Today millions of voters across Scotland are deciding whether or not to gain independence from Great Britain. In the end, what’s left of the once powerful kingdom that ruled over much of the world will either remain “united” or be forever broken.
While the media is full of jokes and commentary about haggis, Scotch, and kilts, this is actually a very serious matter.
When the USSR broke apart on December 26, 1991, much of the world was shocked but also quite thrilled. For me, growing up during the Cold War, it was almost too much to imagine. My generation only knew the USSR as a superpower and a threat to the United States and the rest of the free world. Suddenly, it was effectively gone.

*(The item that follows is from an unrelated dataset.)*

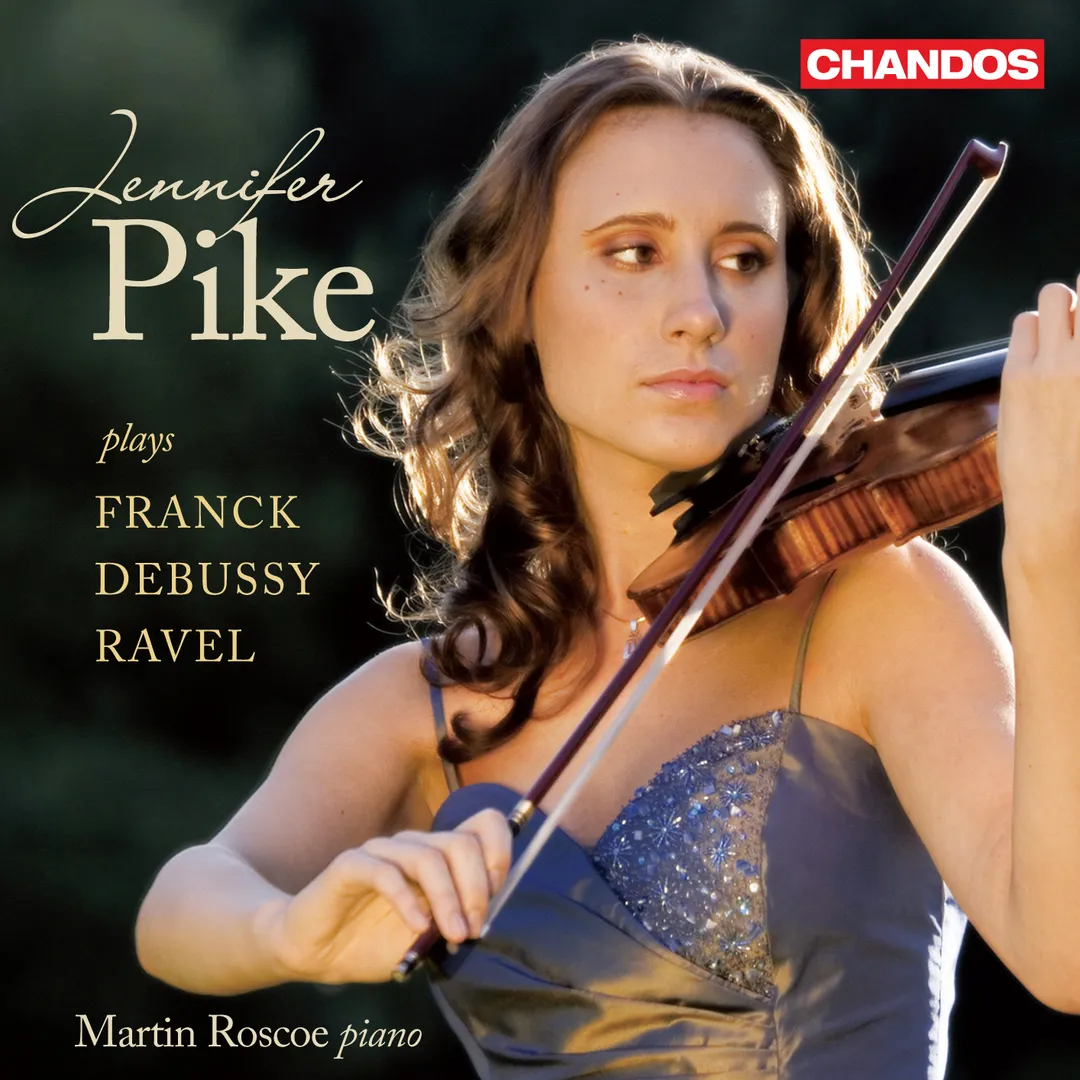 Jennifer Pike plays Franck, Debussy, Ravel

During those exciting post-Soviet dissolution days, few people noted that while in some instances there can be tremendous upside to such a break up, in other circumstances just the opposite might true.
In Scotland’s case, there appear to be lots of emotional reasons for Scots to vote “yes,” but that’s about it. There aren’t many other good reasons to separate. Economically and politically, it’s likely an independent Scotland would find itself in dire straits. For instance, what currency would Scotland use? Would it be granted admission into the European Union or NATO? Would it be able to support an extensive welfare state, which most Scots favor, completely from the income generated by North Sea oil?

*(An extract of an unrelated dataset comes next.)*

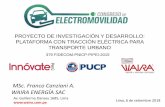 MSc. Franco Canziani A. WAIRA ENERGÍA SAC · 2018. 9. 12. · Desarrollo y Validación de un Chasis con Sistema Motriz Eléctrico para Transporte Público de uso Institucional CHASIS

And what about the impact on the region and the rest of the world?
How would such a move affect the economies of Great Britain, Europe, and the United States? More importantly, would such a move begin a domino effect in other countries?

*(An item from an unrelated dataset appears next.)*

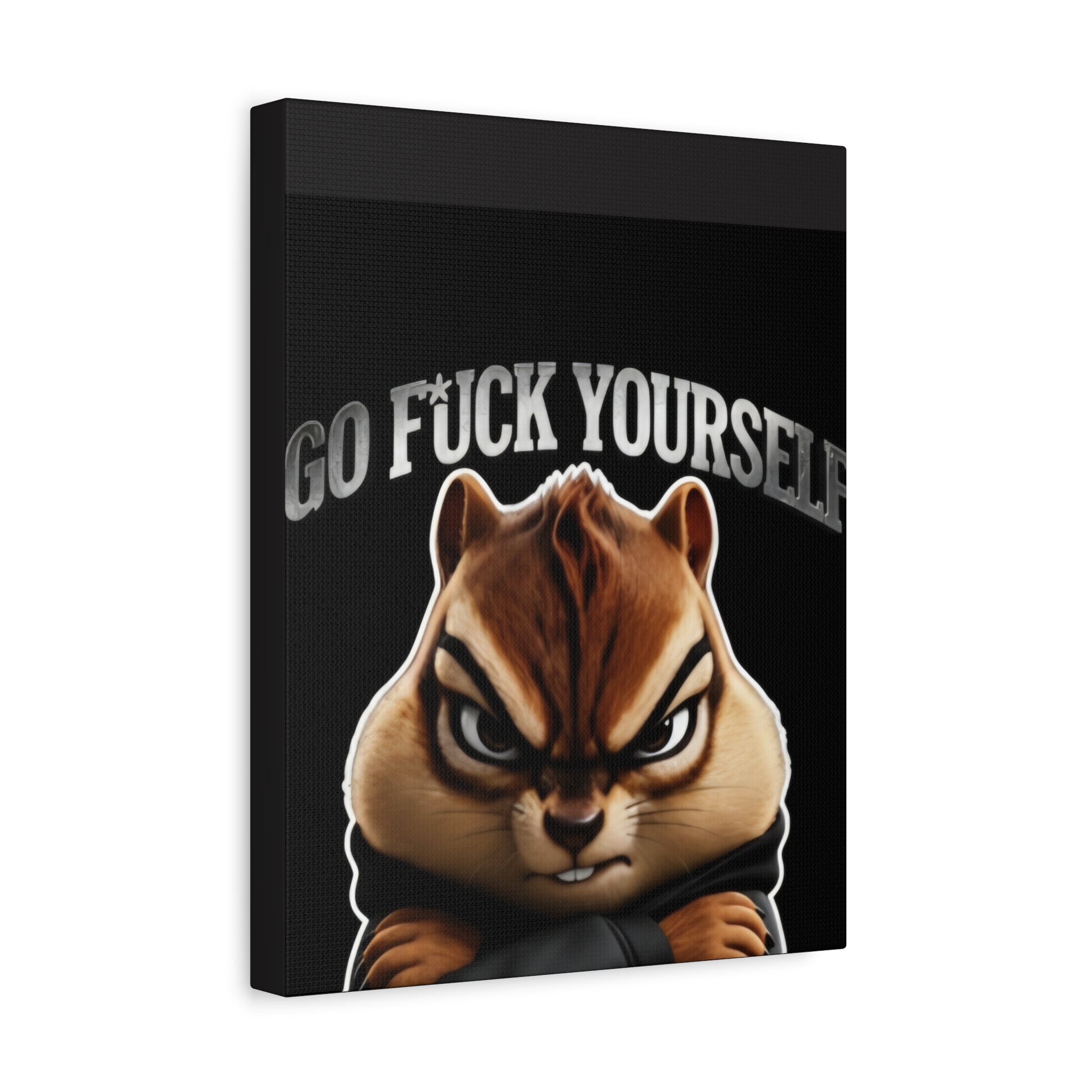 Edgy Chipmunk Canvas Print – "Go Fuck Yourself" Statement Wall Art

Spain is particularly concerned since Catalonia has long sought its freedom. Parts of the French Mediterranean and Quebec also harbor separatist movements.
The United States isn’t totally immune to the independence bug. Drive around Texas and you’ll see a few “Secede” bumper stickers on the back of pick-up trucks. In California, there is currently a movement, not to secede entirely, but instead to basically secede internally. Citizens of the Silicon Valley are currently floating a proposal to divide the state into six different states thus inoculating the wealthiest part of the Golden State from the poorest.
All this begs a rather disturbing question.
Could the United States ever go the way of the USSR and separate into its more naturally unified parts? In theory, this question was decided the only time our nation was ever split in two, but separatist movements generally don’t follow cleanly constructed rules so even that’s not entirely out of the question.
We should know that results of Scotland’s vote soon.
Weighing everything, if I had a vote as some of my ancestors would if alive today, I would vote “no.”